(Instructions to follow): Retype the listing exactly; omit pictures.

::: Records for processing :::

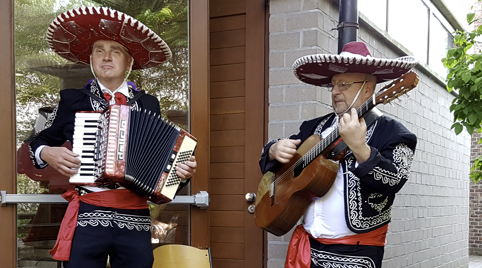 Mexicaanse muziek op feest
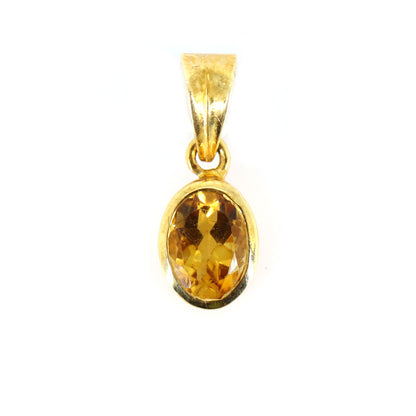 Yellow Jewellery Citrine November Jewelry Citrine Necklace 14K Gold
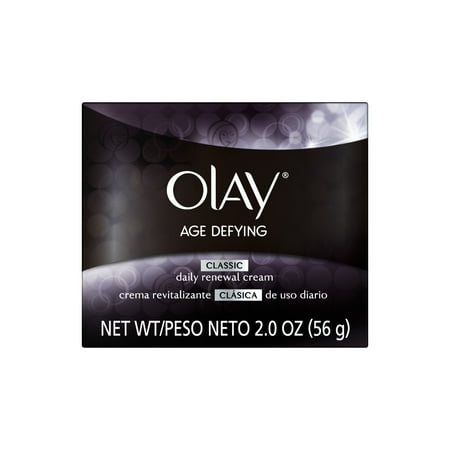 Olay Age Defying Classic Daily Renewal Cream Face Moisturizer 2 Oz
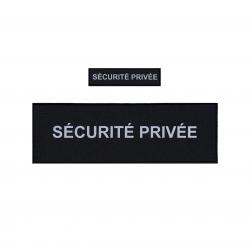 FLAPS "SECURITE PRIVEE" NOIR HV (poitrine et dos)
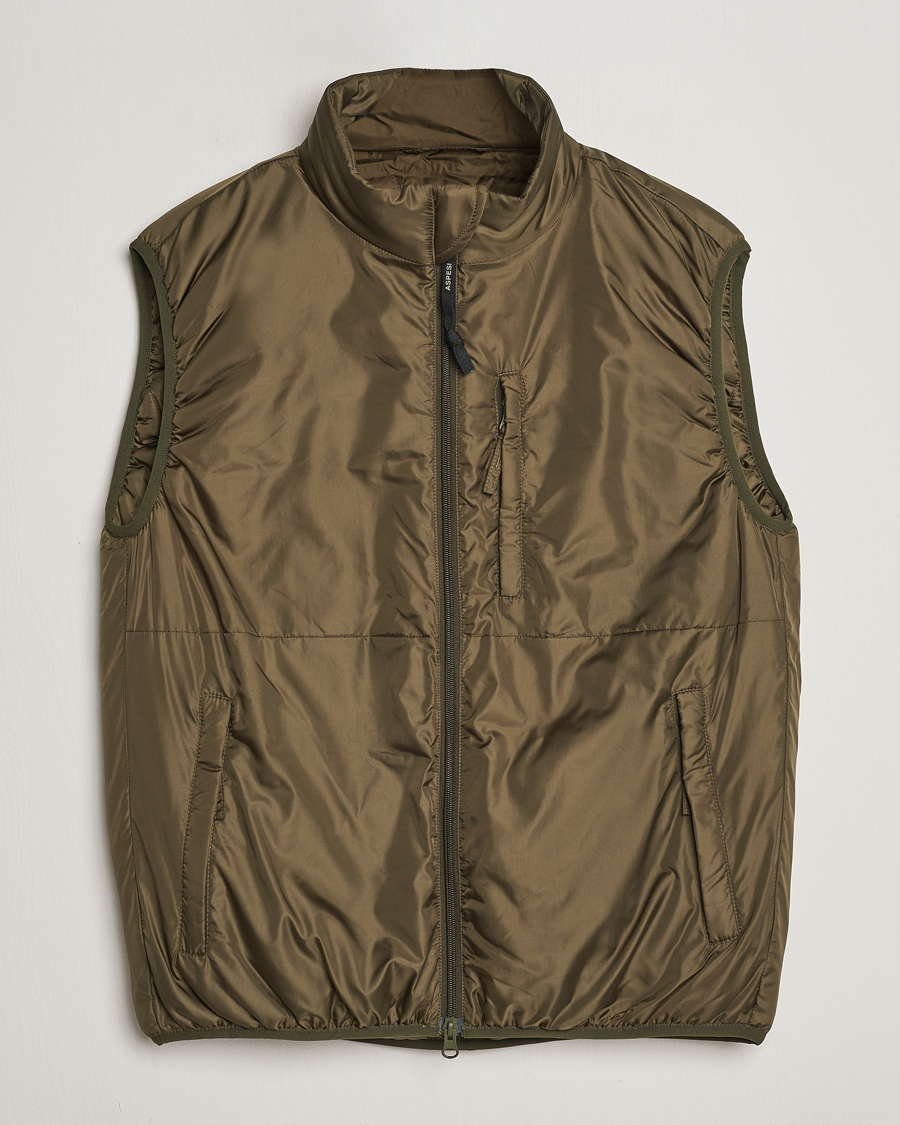 Homme | Manteaux Et Vestes | Aspesi | Jil Padded Vest Dark Military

:::

(Your response):
 Mexicaanse muziek op feest
 Yellow Jewellery Citrine November Jewelry Citrine Necklace 14K Gold
 Olay Age Defying Classic Daily Renewal Cream Face Moisturizer 2 Oz
 FLAPS "SECURITE PRIVEE" NOIR HV (poitrine et dos)
 Homme | Manteaux Et Vestes | Aspesi | Jil Padded Vest Dark Military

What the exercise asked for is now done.